### RECORD SET
● ● ● ●

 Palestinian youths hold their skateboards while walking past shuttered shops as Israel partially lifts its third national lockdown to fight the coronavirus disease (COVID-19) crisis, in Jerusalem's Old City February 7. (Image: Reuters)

● ● ● ●

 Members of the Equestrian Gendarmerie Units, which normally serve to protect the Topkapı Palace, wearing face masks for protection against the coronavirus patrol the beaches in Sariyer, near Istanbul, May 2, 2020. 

● ● ● ●

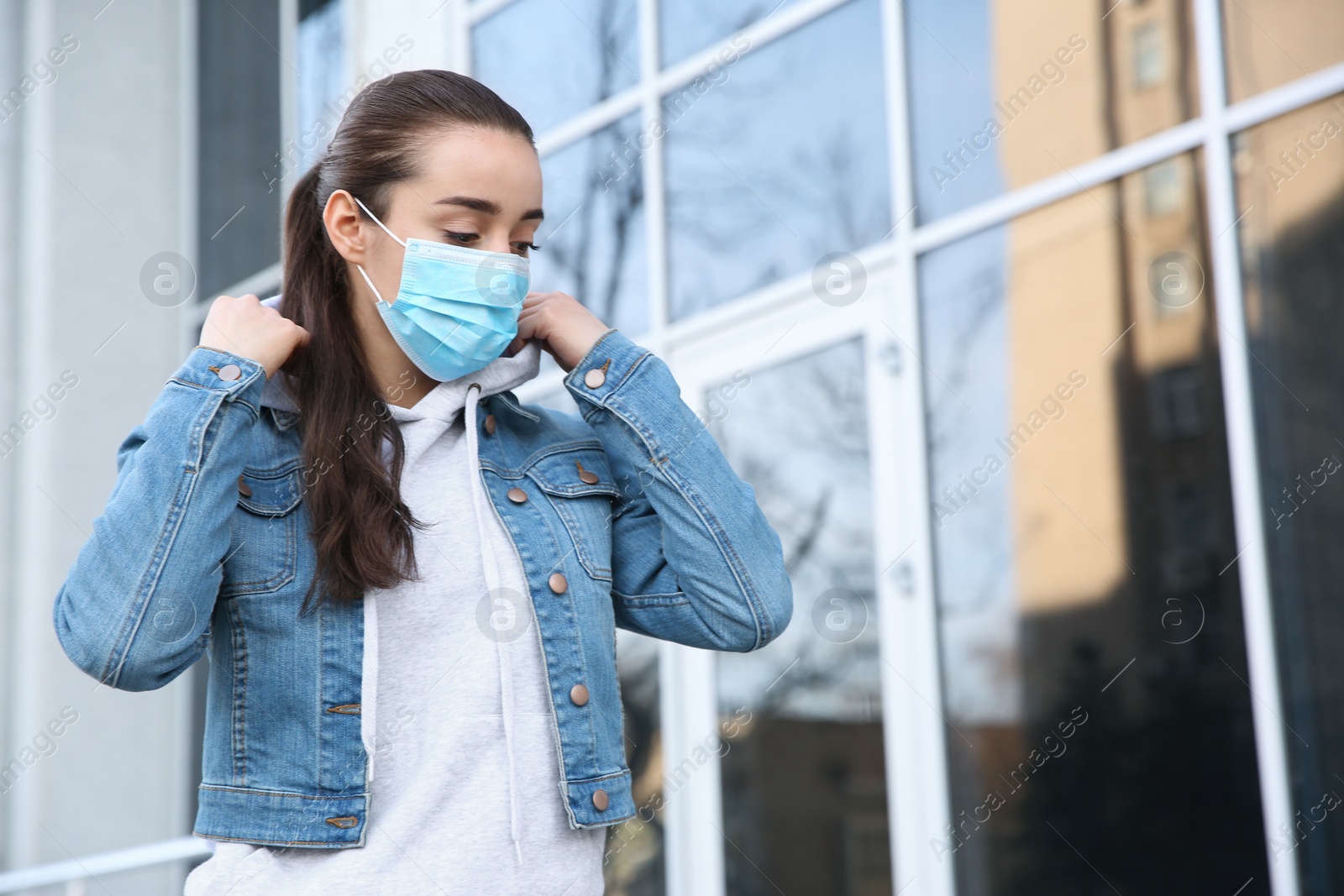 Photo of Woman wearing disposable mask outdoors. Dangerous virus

● ● ● ●

### EXERCISE INSTRUCTIONS
Copy out all lines of the listing above that include "coronavirus".

### ANSWER SPACE
 Palestinian youths hold their skateboards while walking past shuttered shops as Israel partially lifts its third national lockdown to fight the coronavirus disease (COVID-19) crisis, in Jerusalem's Old City February 7. (Image: Reuters)
 Members of the Equestrian Gendarmerie Units, which normally serve to protect the Topkapı Palace, wearing face masks for protection against the coronavirus patrol the beaches in Sariyer, near Istanbul, May 2, 2020. 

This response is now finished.